SUrface File Format Support
The preferred file type for documents housed in the SUrface institutional repository is Adobe Acrobat PDF. For materials submitted as Microsoft Word (doc and docx) or Rich Text format (rtf), SUrface will automatically convert them to PDF, retaining copies of the original for preservation purposes. Other file types will not be automatically converted to PDF as part of the submission process. For documents in “known” rather than “supported” formats (see the definitions below) the SUrface administrators recommend that a second “supported” file format version of the document, PDF where possible, be submitted along with the original.
When a file is submitted to SUrface, we assign it one of the following categories:
- Supported: we support this format. There is a high likelihood that its content, appearance, and functions will be preserved over time.
- Known: we recognize this format but cannot guarantee its support over time. Among file types in this category, Microsoft Word (doc and docx), and Rich Text Format (rtf) will all be automatically converted to PDF. The original submitted document will be preserved as a backup copy.
- Not Supported: we do not recognize this format. At best, the bit stream will be preserved but not appearance or functionality. SURFACE staff will work with the author(s)/contributor(s) to determine if the document can be hosted.

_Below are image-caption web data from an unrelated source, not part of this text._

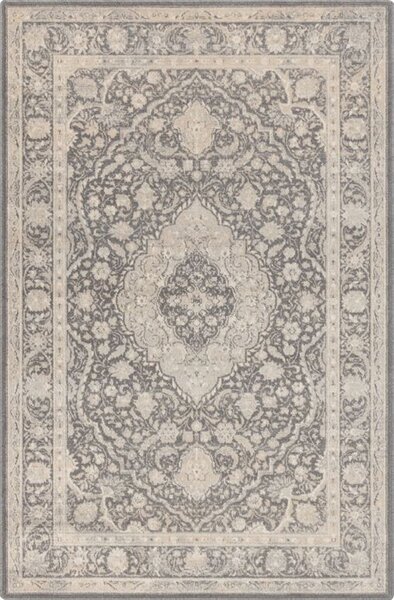 Agnella klasický vlněný koberec Isfahan M Nazad Grafit šedý Rozměr: 133x180 cm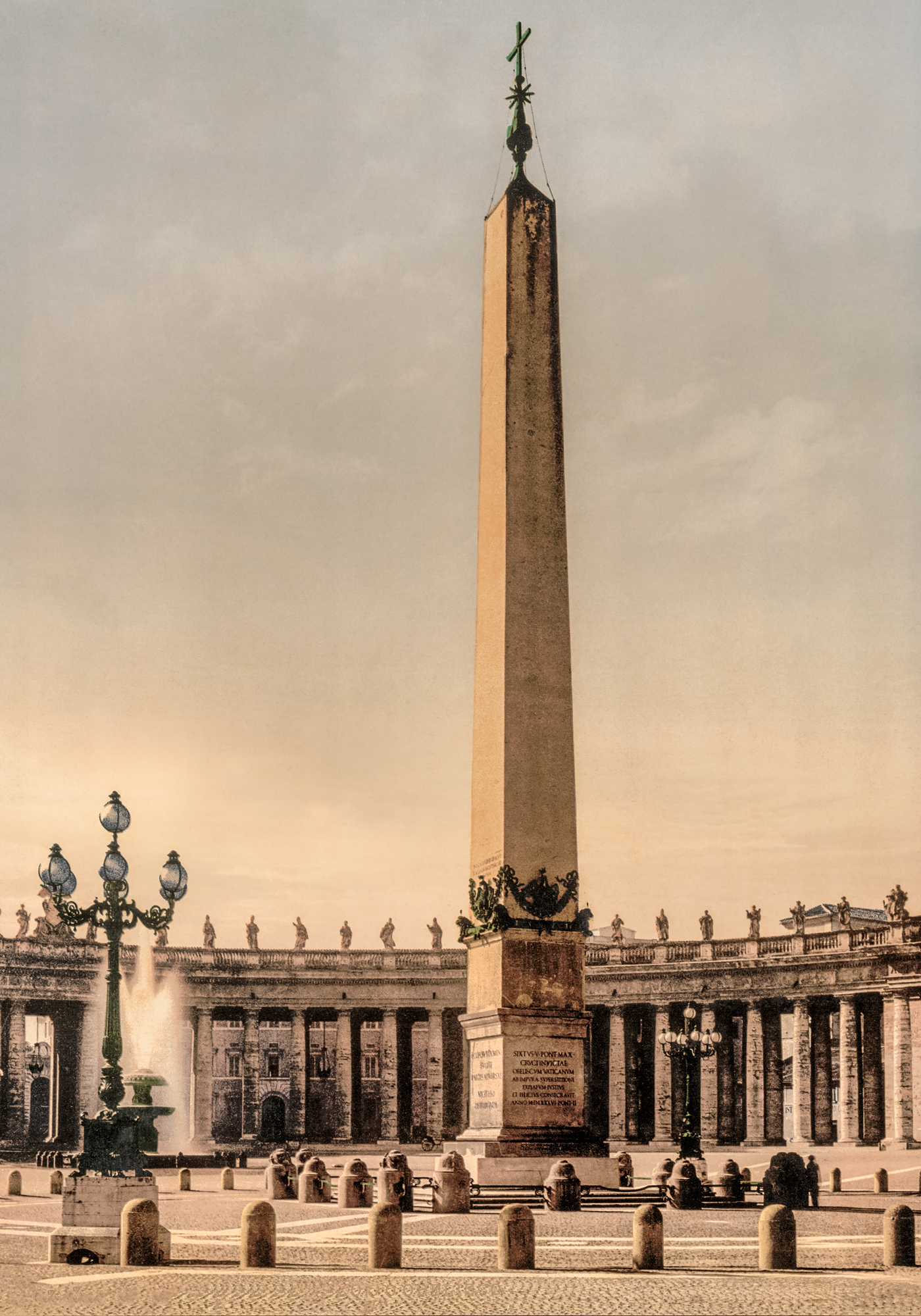 Photo ancienne Rome Vatican Place Saint-Pierre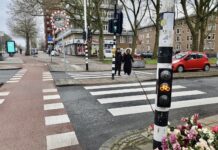 Spiegel moet kruispunt Jan van Galenstraat veiliger maken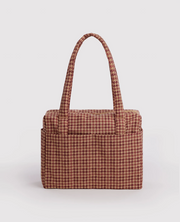Baggu Small Cloud Carry-On - Tan Houndstooth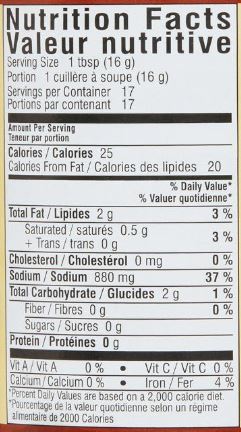 The Nutrition Facts of Deep Garlic Pickle Relish 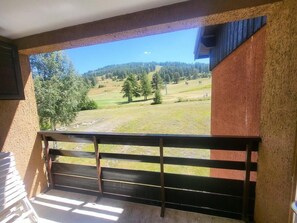 Property grounds - 20m from ski slopes, 2nd floor, view ski slopes, balcony, parking, tv, ski locker, 50m², Montgenèvre (Montgenèvre)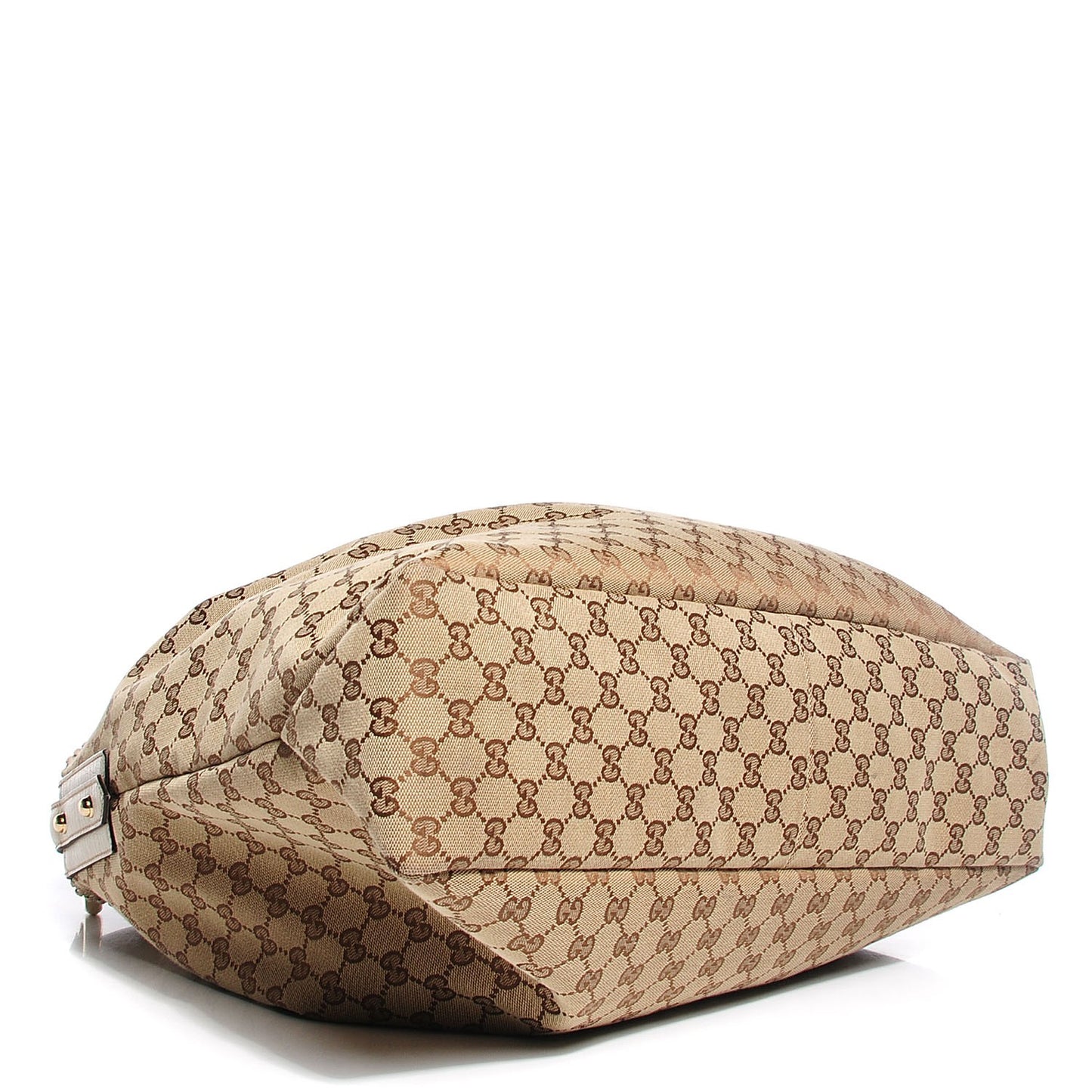 Monogram Large Horsebit Chain Hobo Off White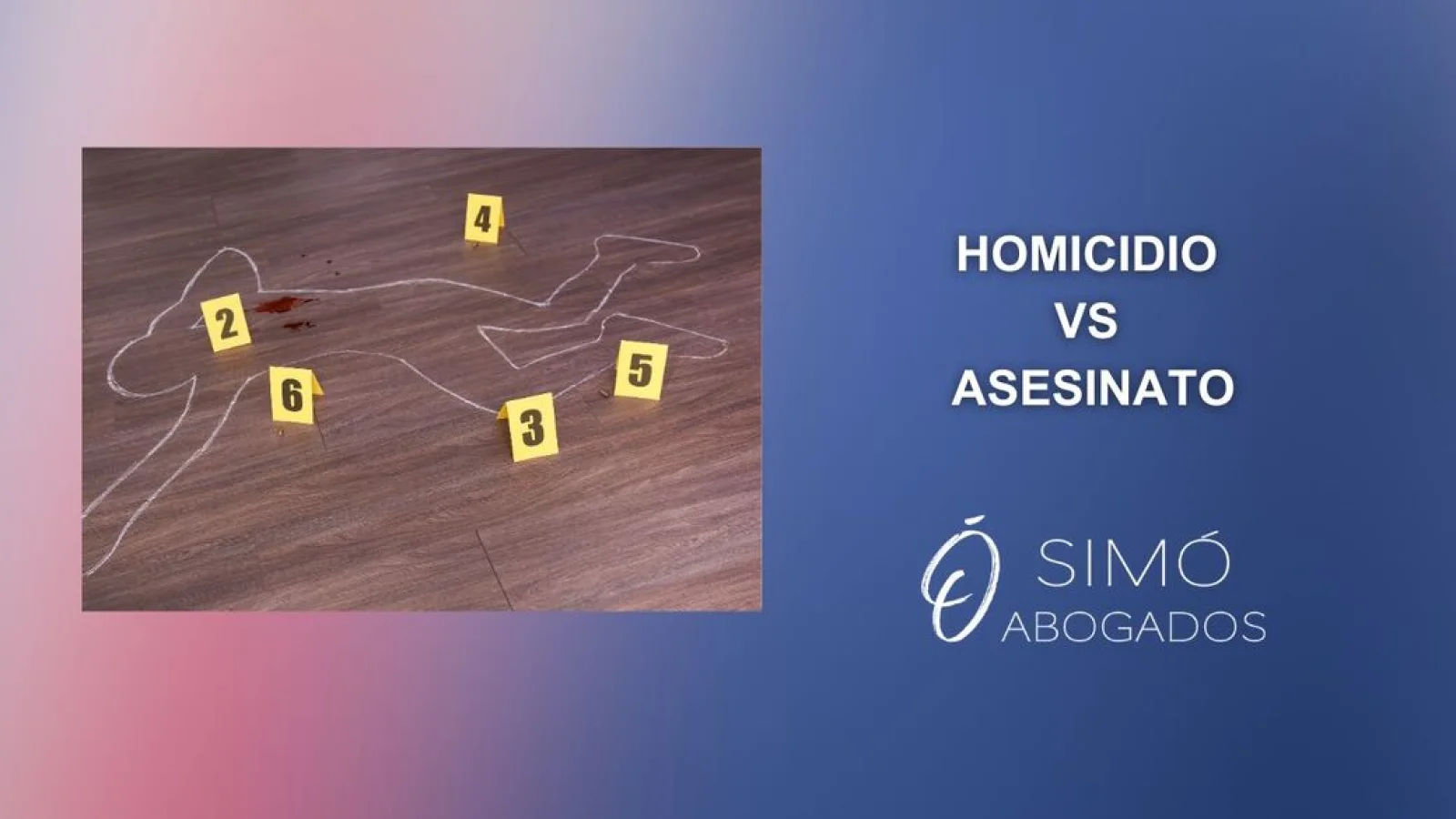 Homicidio vs asesinato: diferencias clave en derecho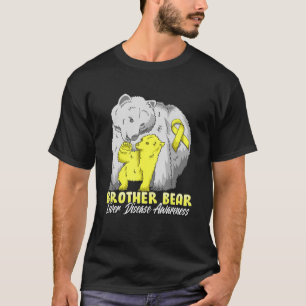 Camiseta Irmão De Uma Criança Com Doença Hepática Irritada
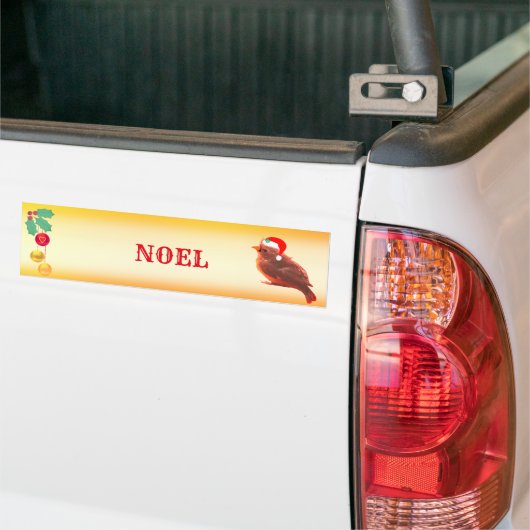 Autocollant De Voiture Beau Noel Bird (Sur camion)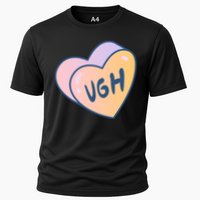 Ugh Heart Cooling Performance Crew T-Shirt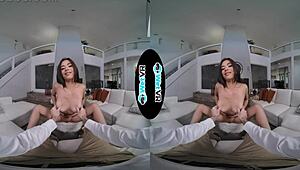 wetvr sexy call girl scarlet alexis fucked hard in first vr porn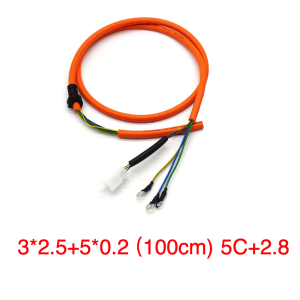 Фазный кабель 3x2.5+5x0.2 (длинна 100см) 5C+2.8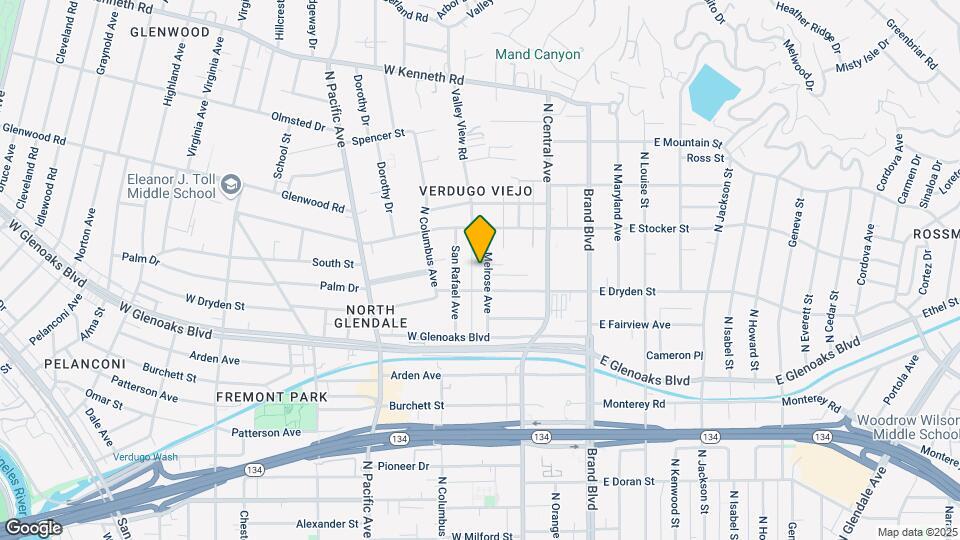 1117 Melrose Ave Map and Location Details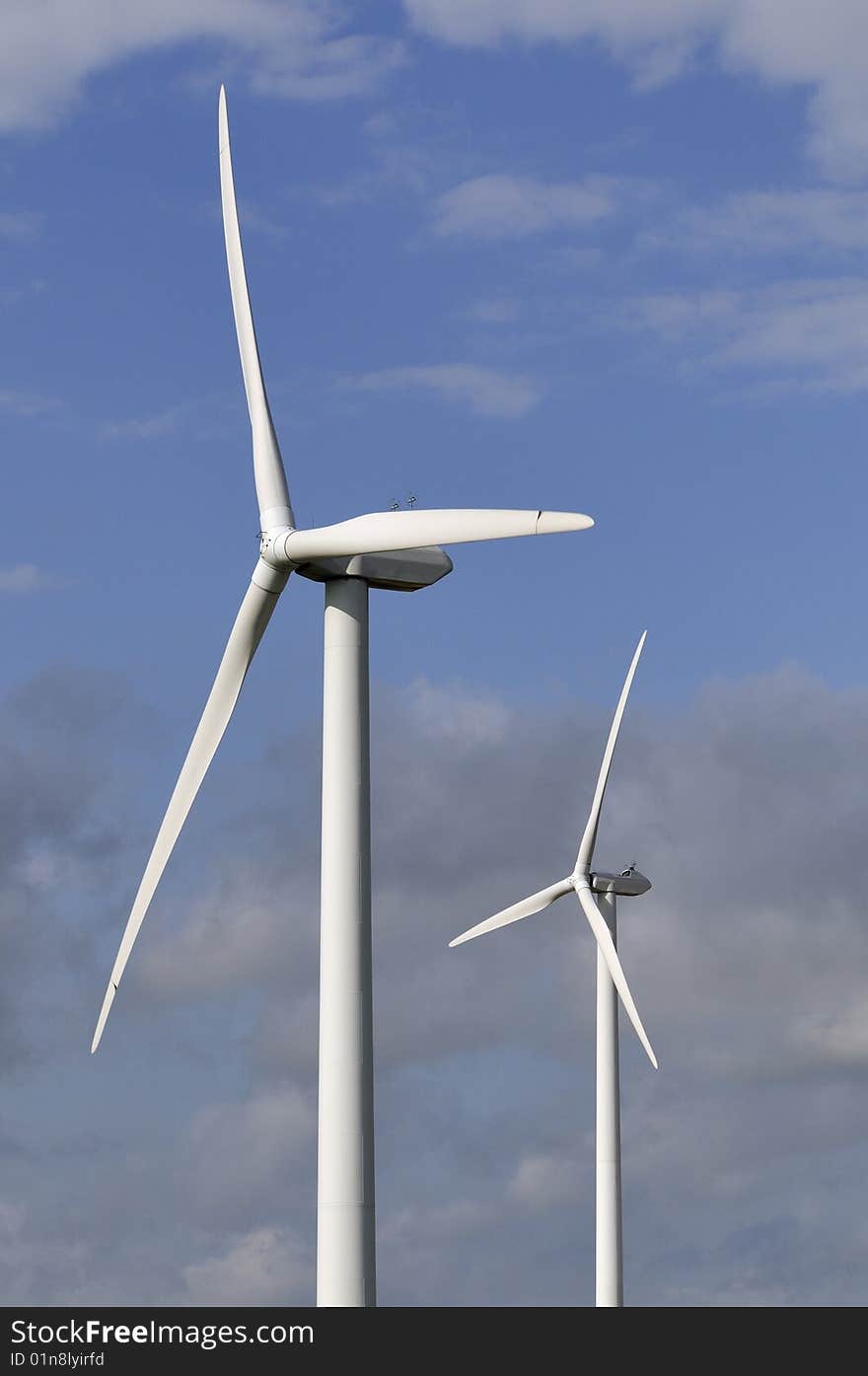 Wind turbine in field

File formats that exhibit all or many of the following characteristics -- open documentation; support across a range of software platforms; wide adoption; no compression (or lossless compression); no embedded files or embedded programs/scripts; and non-proprietary format -- have the greatest likelihood of preservation into the future.
For supported formats, such as PDF or TIFF, we might choose to bulk-transform files from a current format version to a future one. SUrface staff will continually monitor formats and techniques to ensure we can accommodate needs as they arise.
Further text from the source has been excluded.